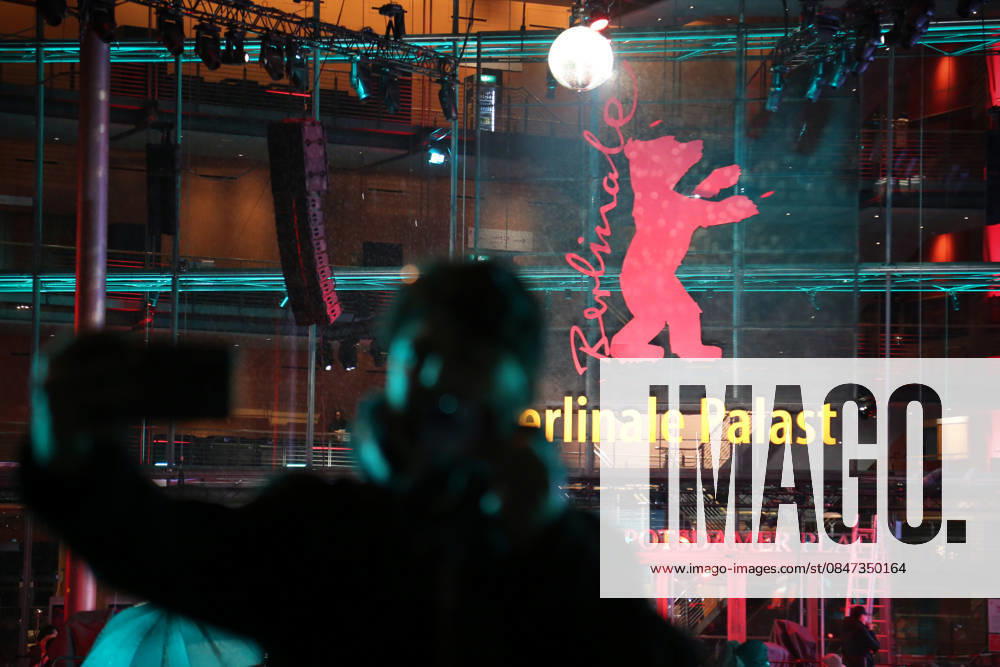 A man takes a selfie in front of the Berlinale Palast ahead of the 76th Berlin International Film Festival (Berlinale) in Berlin. The festival runs from Feb. 12 to 22, 2026. Berlin Germany - ZUMAf146 20260211_zip_f146_010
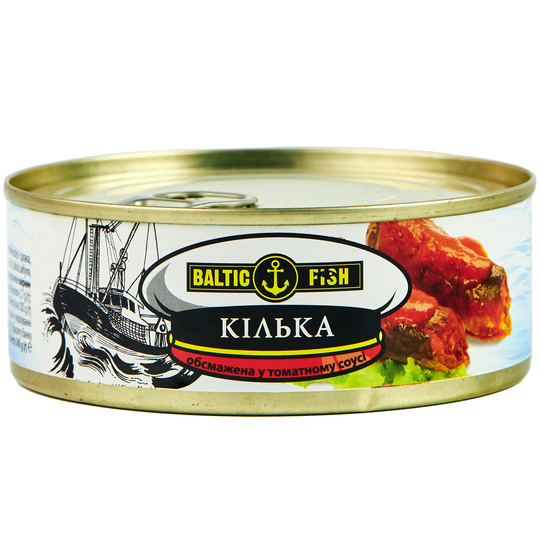 Кілька томат.соус Baltic Fish ж/б 240г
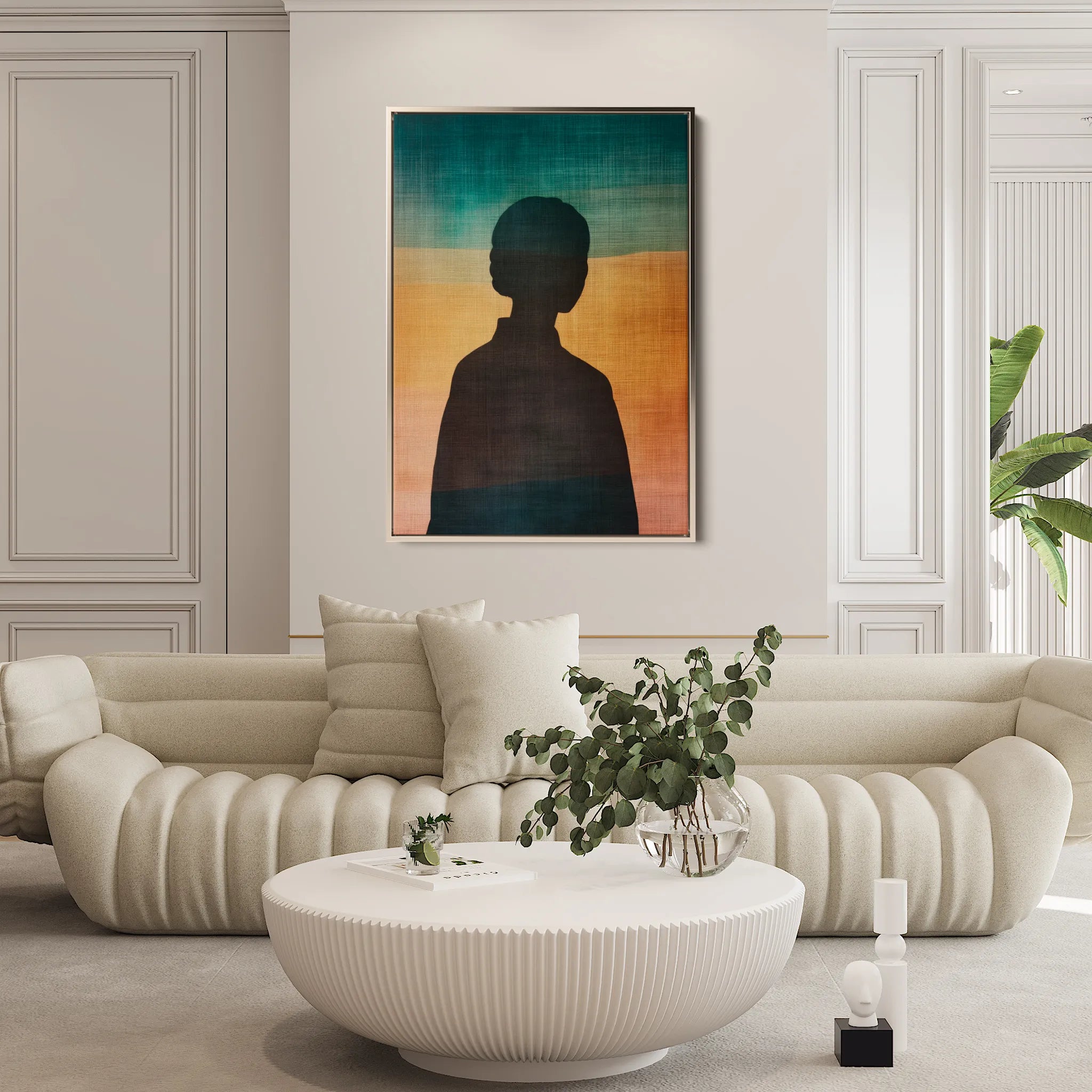 Portrait Canvas Wall Art WAD083-P 90 x 60 cm / Stretched on hidden frame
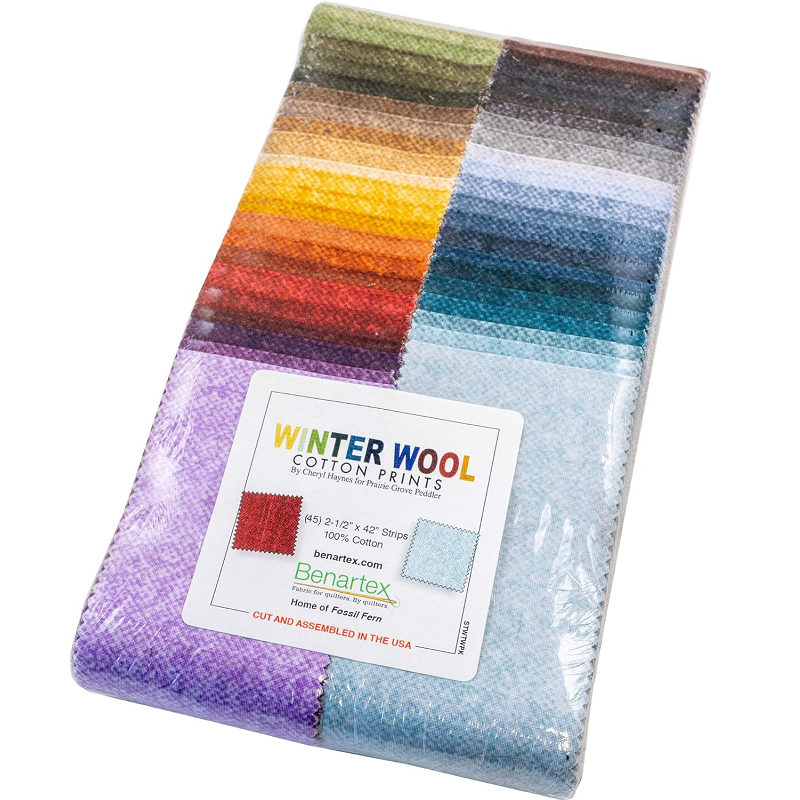 Benartex Winter Wool Strip-pies - 40 2.5" Strips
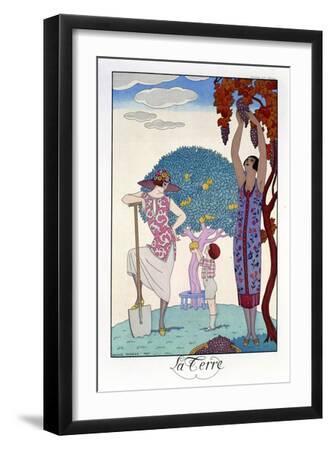 The Earth, 1925 - Black Framed Art Print Wall Art, 12x18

→ HOW TO COMPLETE THIS TASK: Print the lines from the one that contains "Benartex Winter Wool" through the last line of the data, exactly and in full, and no other lines. Pictures are not part of the copy.

→ TASK SOLUTION:
 Benartex Winter Wool Strip-pies - 40 2.5" Strips
 The Earth, 1925 - Black Framed Art Print Wall Art, 12x18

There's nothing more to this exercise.